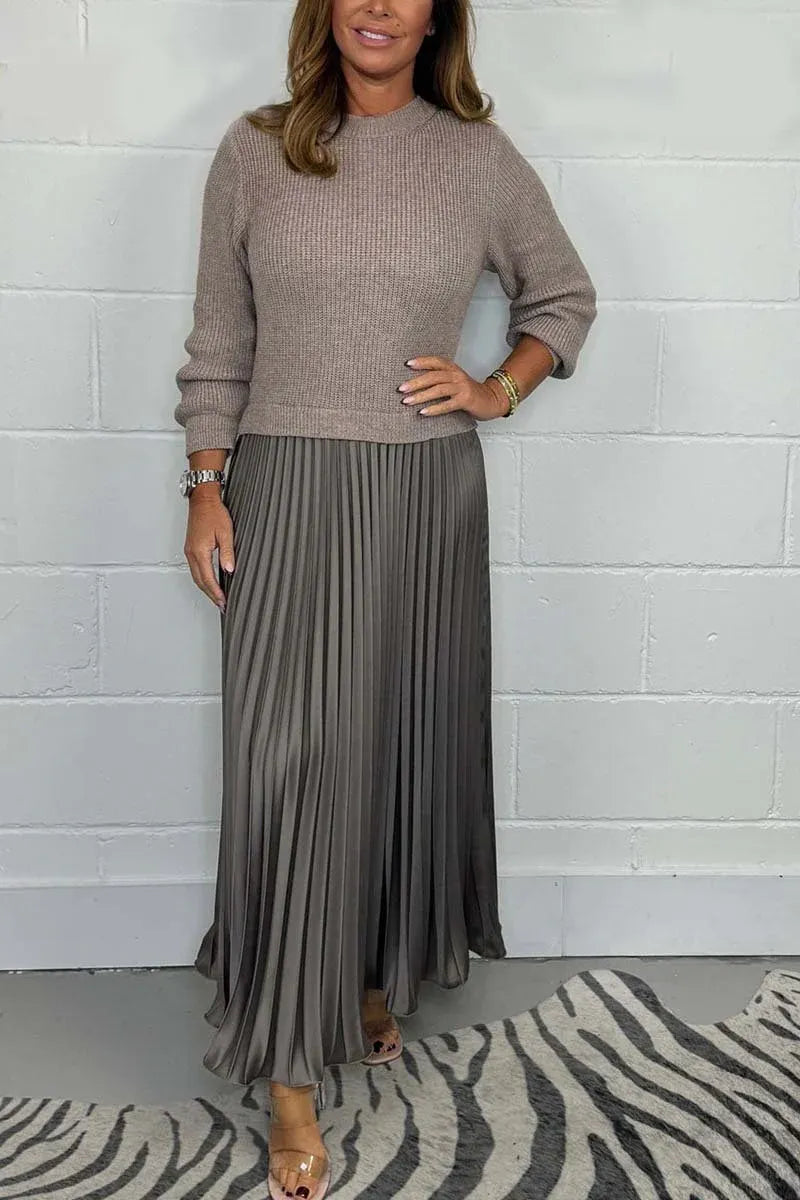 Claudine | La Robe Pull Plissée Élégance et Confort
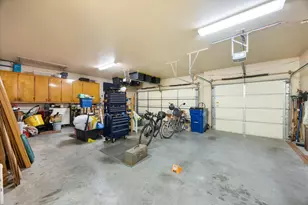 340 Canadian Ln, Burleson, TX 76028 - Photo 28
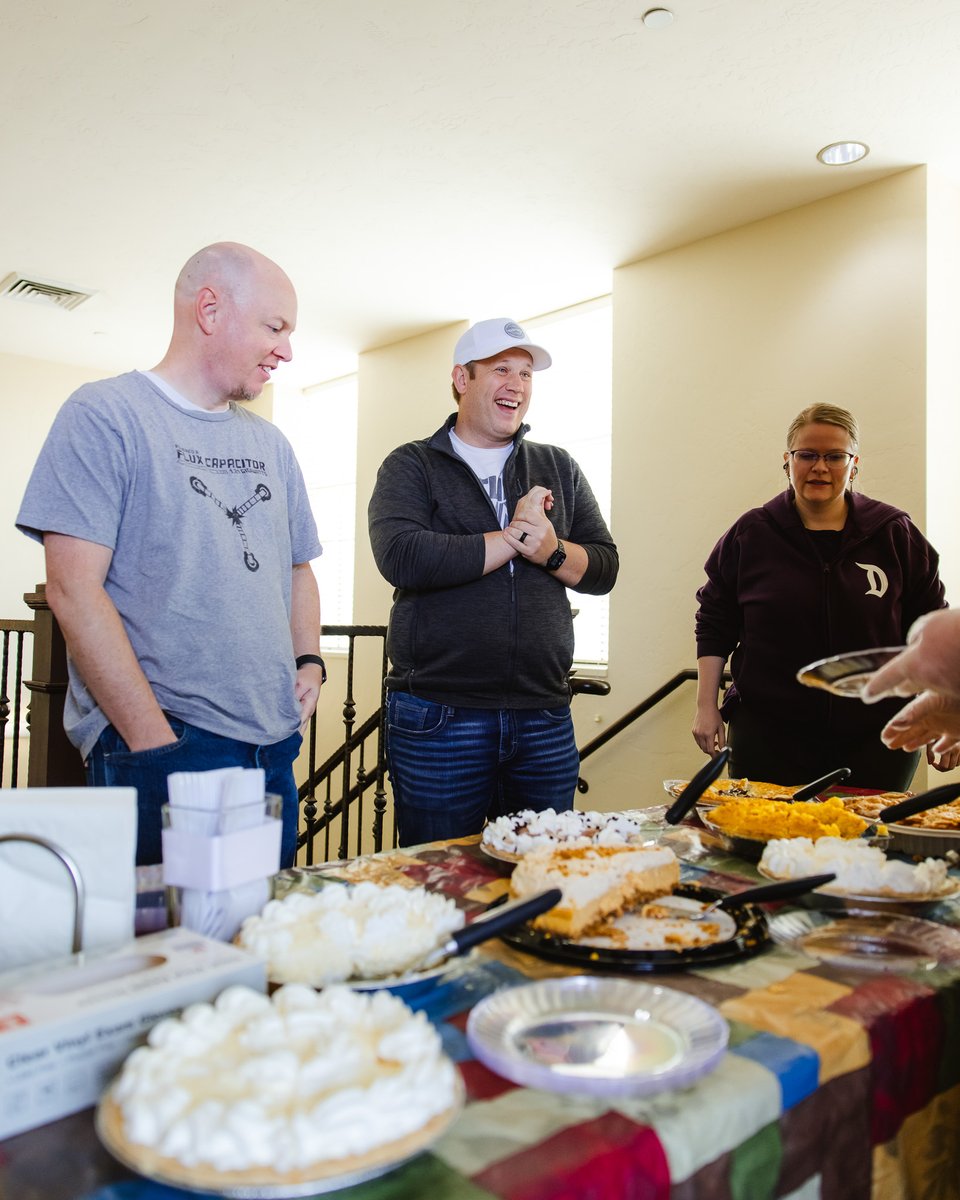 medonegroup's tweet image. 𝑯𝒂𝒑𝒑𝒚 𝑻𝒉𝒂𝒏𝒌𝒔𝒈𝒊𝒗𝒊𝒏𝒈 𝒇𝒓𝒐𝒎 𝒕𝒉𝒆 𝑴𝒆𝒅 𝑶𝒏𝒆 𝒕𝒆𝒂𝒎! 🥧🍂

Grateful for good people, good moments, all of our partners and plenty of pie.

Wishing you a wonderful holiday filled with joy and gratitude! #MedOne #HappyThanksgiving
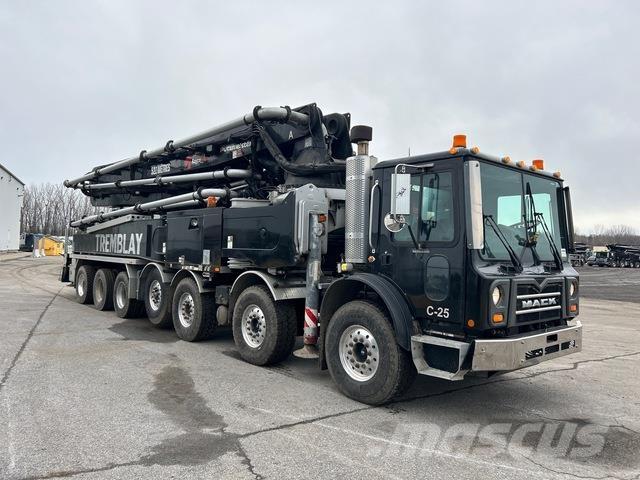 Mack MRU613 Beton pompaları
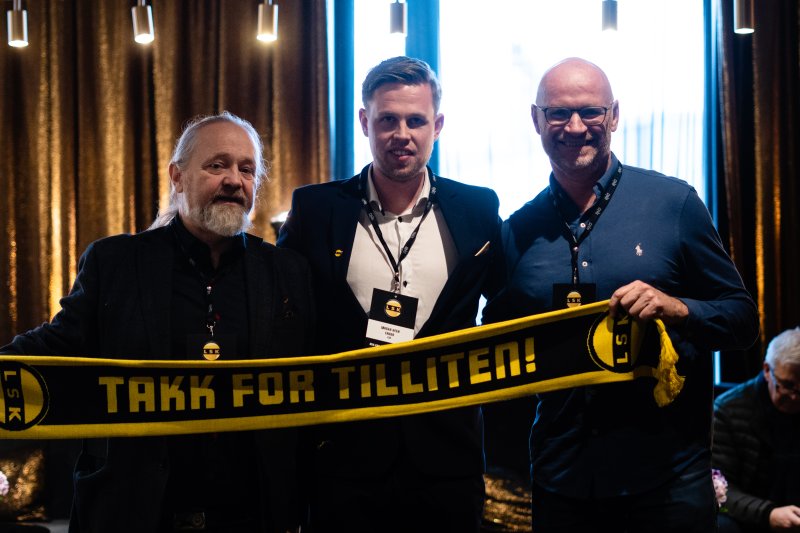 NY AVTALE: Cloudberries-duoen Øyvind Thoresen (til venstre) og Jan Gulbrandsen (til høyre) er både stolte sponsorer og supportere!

◇ ◇ ◇

Work instruction ▸ Please copy the data above exactly; the pictures do not belong in the copy.

Output ▸
 Claudine | La Robe Pull Plissée Élégance et Confort
 340 Canadian Ln, Burleson, TX 76028 - Photo 28
 medonegroup's tweet image. 𝑯𝒂𝒑𝒑𝒚 𝑻𝒉𝒂𝒏𝒌𝒔𝒈𝒊𝒗𝒊𝒏𝒈 𝒇𝒓𝒐𝒎 𝒕𝒉𝒆 𝑴𝒆𝒅 𝑶𝒏𝒆 𝒕𝒆𝒂𝒎! 🥧🍂

Grateful for good people, good moments, all of our partners and plenty of pie.

Wishing you a wonderful holiday filled with joy and gratitude! #MedOne #HappyThanksgiving
 Mack MRU613 Beton pompaları
 NY AVTALE: Cloudberries-duoen Øyvind Thoresen (til venstre) og Jan Gulbrandsen (til høyre) er både stolte sponsorer og supportere!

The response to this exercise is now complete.